In the records below, find the line holding "GIVENCHY SPECTRE ZIP RUNNER SNEAKERS" and the line holding "A号棟 外観 【調布市染地2丁目】 A号棟 外観 【調布市染地2丁目】". Set down both, with every line between them, exactly.

Segment Start: Provided records

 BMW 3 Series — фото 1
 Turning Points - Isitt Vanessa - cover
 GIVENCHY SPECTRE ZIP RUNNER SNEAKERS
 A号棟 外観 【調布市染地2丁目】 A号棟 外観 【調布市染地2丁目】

Segment End: Provided records
Segment Start: Provided records

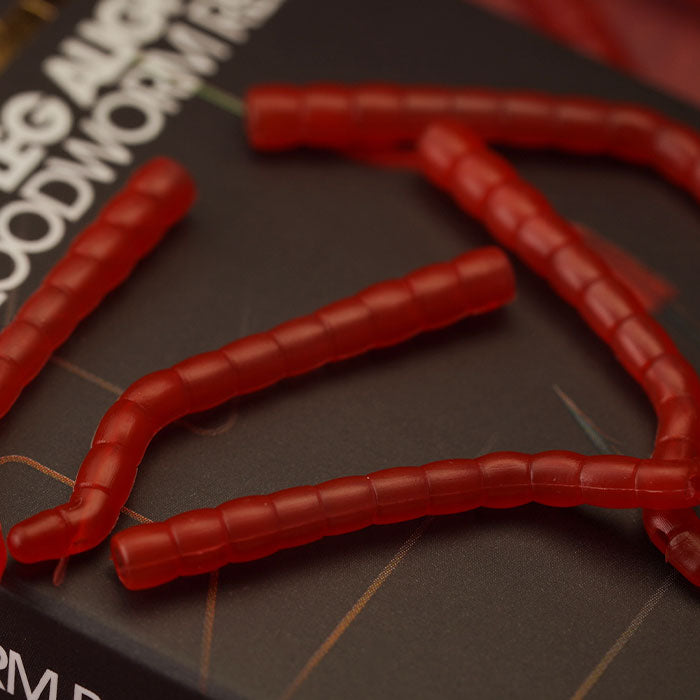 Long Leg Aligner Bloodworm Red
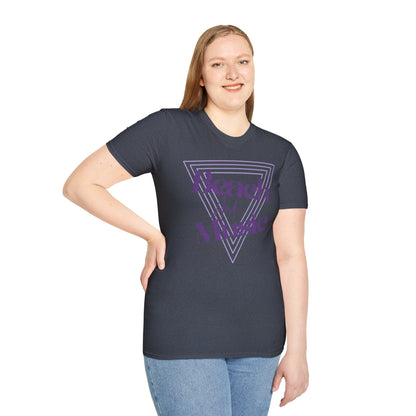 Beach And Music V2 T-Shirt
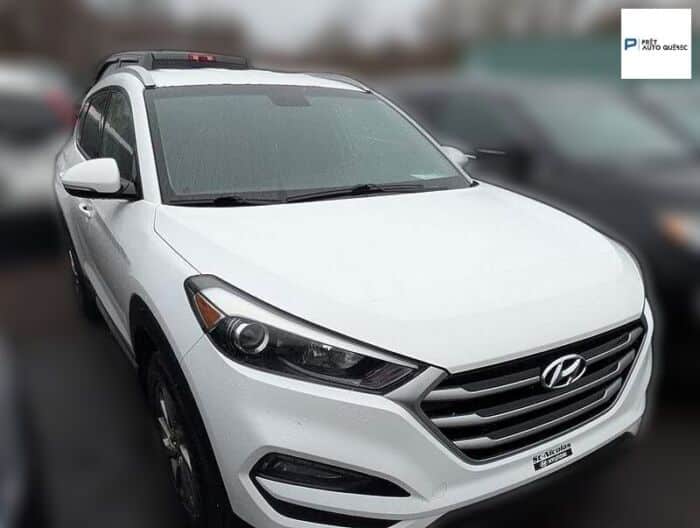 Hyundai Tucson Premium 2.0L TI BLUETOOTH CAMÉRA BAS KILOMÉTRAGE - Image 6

Segment End: Provided records
Segment Start: Provided records

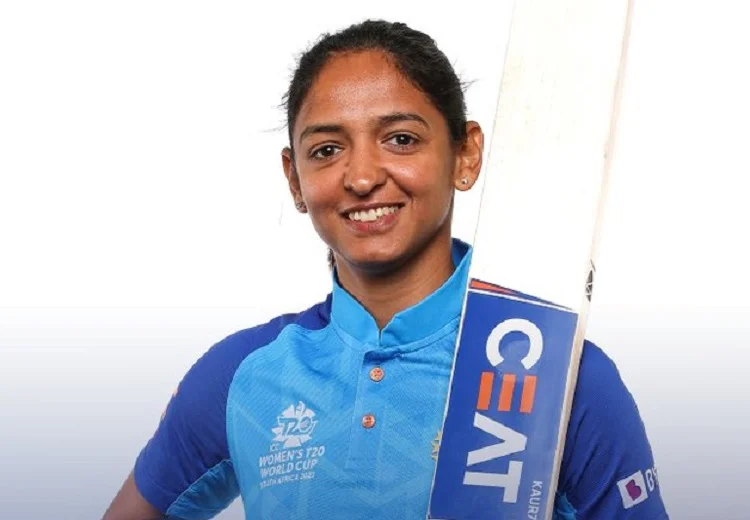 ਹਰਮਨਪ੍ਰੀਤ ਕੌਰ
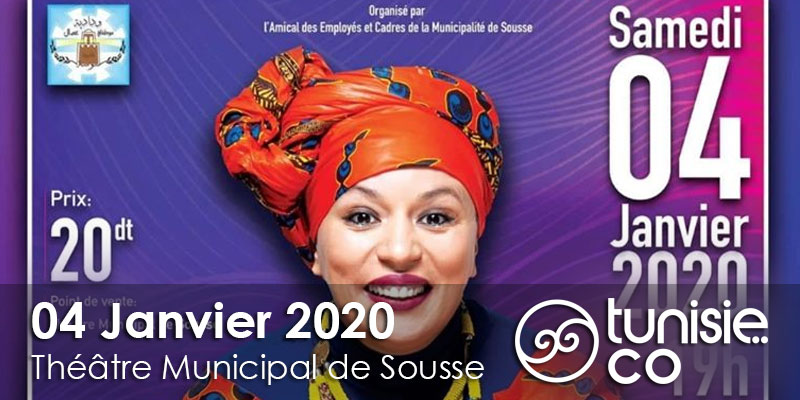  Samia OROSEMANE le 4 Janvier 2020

Segment End: Provided records

== Exercise response ==
 GIVENCHY SPECTRE ZIP RUNNER SNEAKERS
 A号棟 外観 【調布市染地2丁目】 A号棟 外観 【調布市染地2丁目】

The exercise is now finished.